How Nerves Initiate Inflammation
Nerves initiate inflammation through specific sensory nerve fibers, primarily C-fibers. These fine, unmyelinated C-fibers detect low-intensity mechanical and chemical stimulations. When stimulated by tissue damage or painful stimuli, these nerve endings release local substances, activating an inflammatory response.
A key pathway is the “axon reflex,” where a nerve signal travels backward along a nerve fiber from the site of stimulation. This retrograde signal causes the release of inflammatory chemicals at distant sites along the nerve’s distribution, spreading inflammatory signals and contributing to a broader reaction in surrounding tissues.
Persistent local depolarizations within these nerve fibers result in the rapid, localized release of neural mediators from peripheral axons and their terminals. This direct release of substances from nerve endings distinguishes neurogenic inflammation. For example, electrical stimulation of dorsal roots induces vasodilation in the epidermis, supporting the nervous system’s direct role in inflammatory changes.

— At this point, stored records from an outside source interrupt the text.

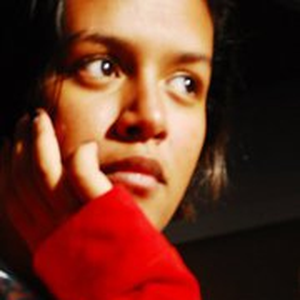 Foto de perfil de Amanda Tavares Santana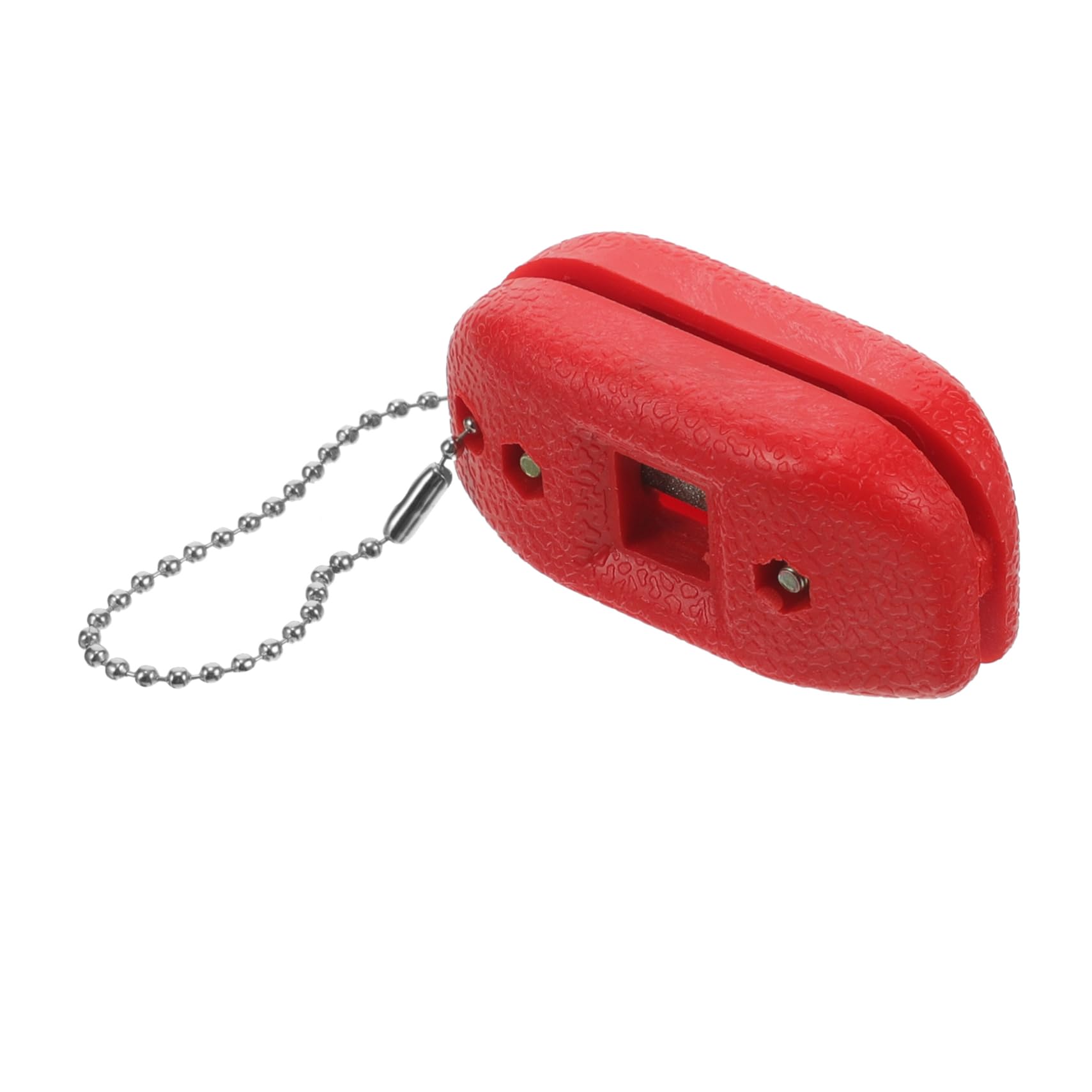 YARNOW Aiguiseur De Lames De Patins À Glace Petit Outil D'Affûtage De Patins À Glace Accessoires De Patins À Glace Affûteur De Lames Accessoire pour Lames De Glace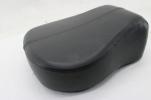 09-17 Harley Davidson Softail Heritage Rear Seat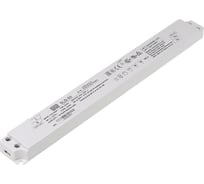 Источник питания Mean Well AC/DC SLD-50-56 Т03518994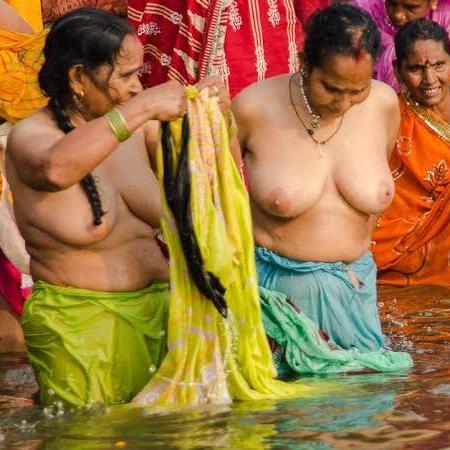 👙Gastiyan Maawa Bhena👙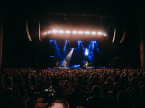 Neon Trees  Live Concert Photos 2026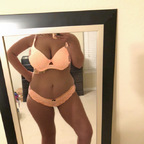 kendrickcurvy OnlyFans Leak 

 profile picture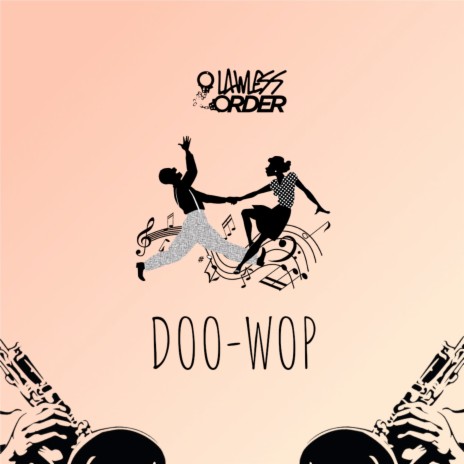 Doo Wop | Boomplay Music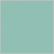 Mouliné Sullivans 45313 - Vy Lt Aquamarine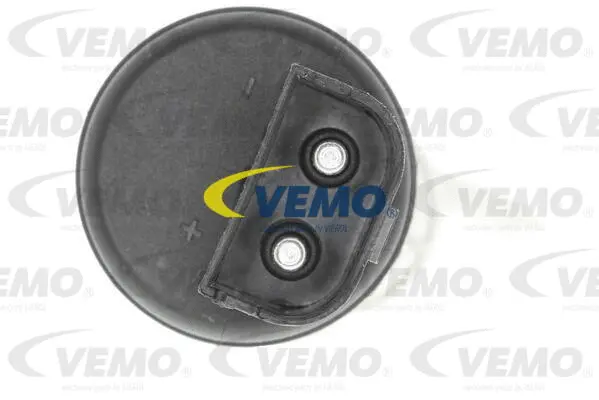 Washer Fluid Pump, window cleaning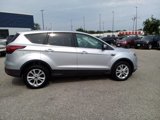Used 2019 Ford Escape SE image 6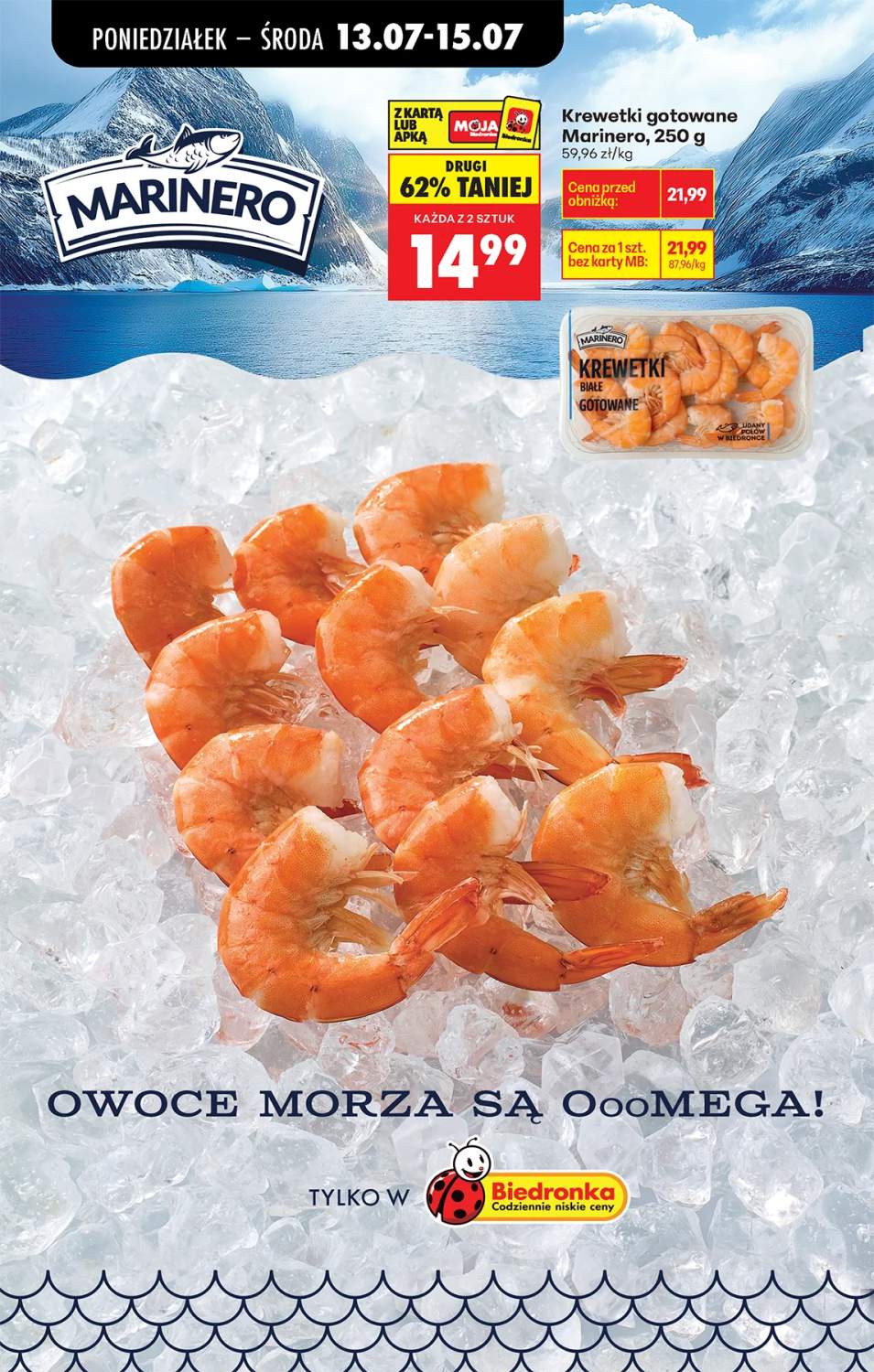 Gazetka – strona 43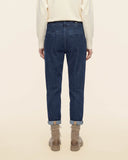 Jeans chino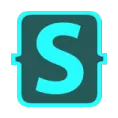 Open Styles
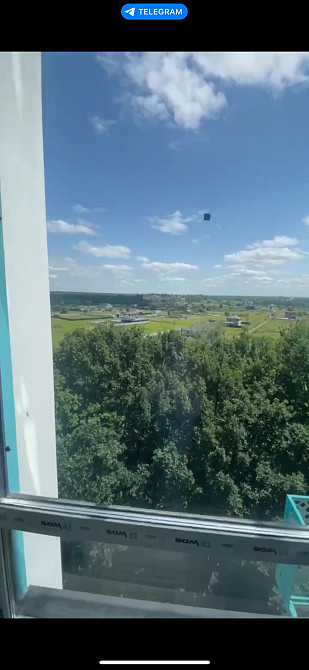 Продаю однокімнатну квартиру від власника Чернигов - изображение 6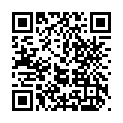 C&oacute;digo QR con el enlace al titular LencerÃ­a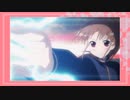 【直撮りmaimai】 MIRACLE RUSH _AP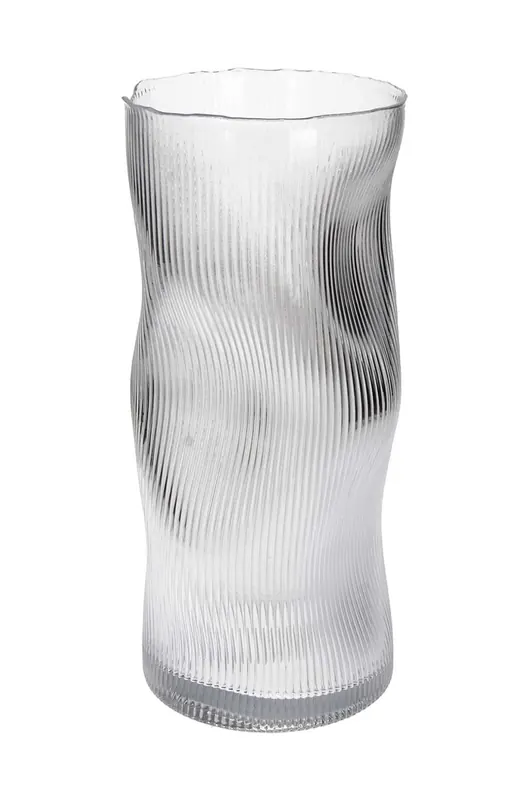 Transparent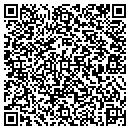 QR code with Associated Food Store contacts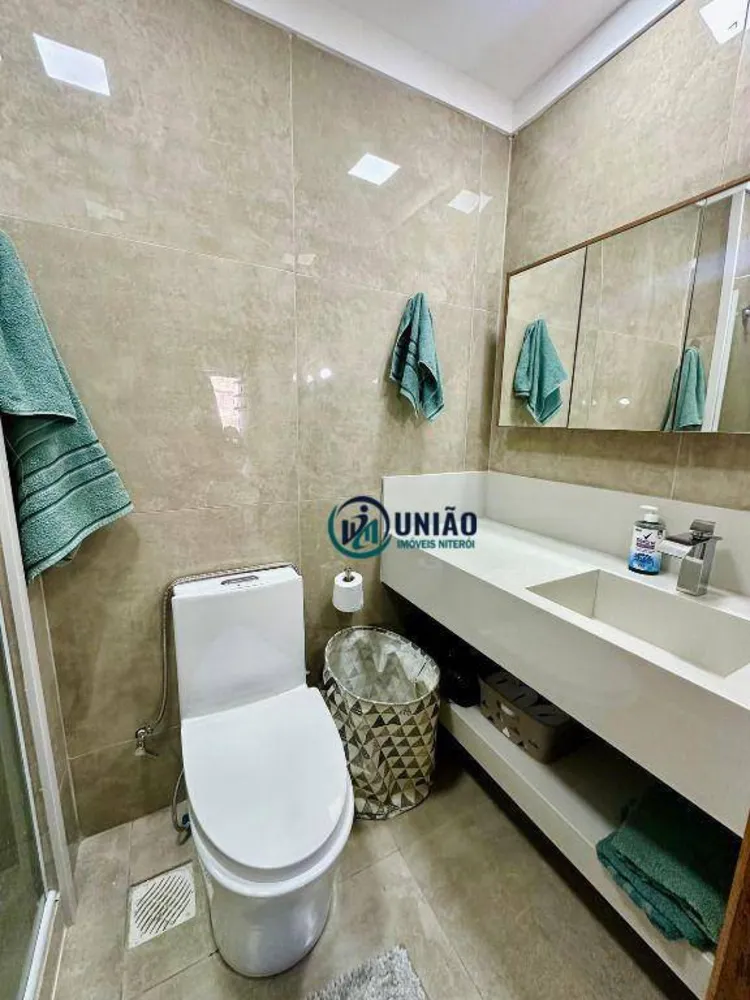 Apartamento, 2 quartos, 80 m² - Foto 21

Key Chemical Messengers and Receptors
Neurogenic inflammation involves specific neuropeptides released by activated nerves, primarily Substance P and Calcitonin Gene-Related Peptide (CGRP). Substance P causes smooth muscle contraction (e.g., bronchospasm), increases blood vessel permeability leading to fluid leakage, stimulates mucus secretion, and activates inflammatory cells.
CGRP promotes vasodilation (widening of blood vessels). Both Substance P and CGRP activate mast cells, which release histamine and other inflammatory mediators, amplifying the inflammatory response.
Neuropeptide release is often triggered by specific ion channels on nerve endings. The Transient Receptor Potential Vanilloid 1 (TRPV1) and Transient Receptor Potential Ankyrin 1 (TRPA1) channels detect noxious environmental stimuli. Activation of TRPV1 (the heat/capsaicin receptor) and TRPA1 (the wasabi receptor) on sensory neurons leads to pro-inflammatory neuropeptide release.
TRPA1 channels can also be stimulated by lipopolysaccharides, components of bacterial cell walls, potentially causing acute neurogenic inflammation.
Conditions Linked to Neurogenic Inflammation
Neurogenic inflammation plays a role in various health conditions. In migraine, stimulation of the trigeminal nerve leads to neurogenic inflammation through neuropeptide release. These include Substance P, CGRP, nitric oxide, vasoactive intestinal polypeptide, and neurokinin A, which contribute to the characteristic pain and other migraine symptoms.
Psoriasis, a chronic skin condition, also involves neurogenic inflammation. Activated nerve endings in the skin release mediators, contributing to the redness, scaling, and inflammation of psoriatic plaques. Sensory neurons expressing TRPV1 ion channels are particularly involved, triggering neuropeptide release that stimulates mast cells and perpetuates the inflammatory cycle.
In asthma, neurogenic inflammation contributes to bronchial inflammation and airway hyperresponsiveness. Neuropeptides like Substance P cause airway smooth muscle contraction, leading to bronchospasm. This process, along with increased vascular permeability and mucus secretion, exacerbates respiratory symptoms.
Complex Regional Pain Syndrome (CRPS) is a chronic pain disorder characterized by severe pain, inflammatory symptoms, and abnormalities in sensory, trophic, autonomic, and motor systems. Neurogenic inflammation is a significant factor in CRPS, where nerve injury can lead to persistent inflammation and pain. Patients often experience symptoms like allodynia, thermal and mechanical hyperalgesia, changes in sweating, and abnormal hair and nail growth, influenced by ongoing neurogenic inflammatory processes.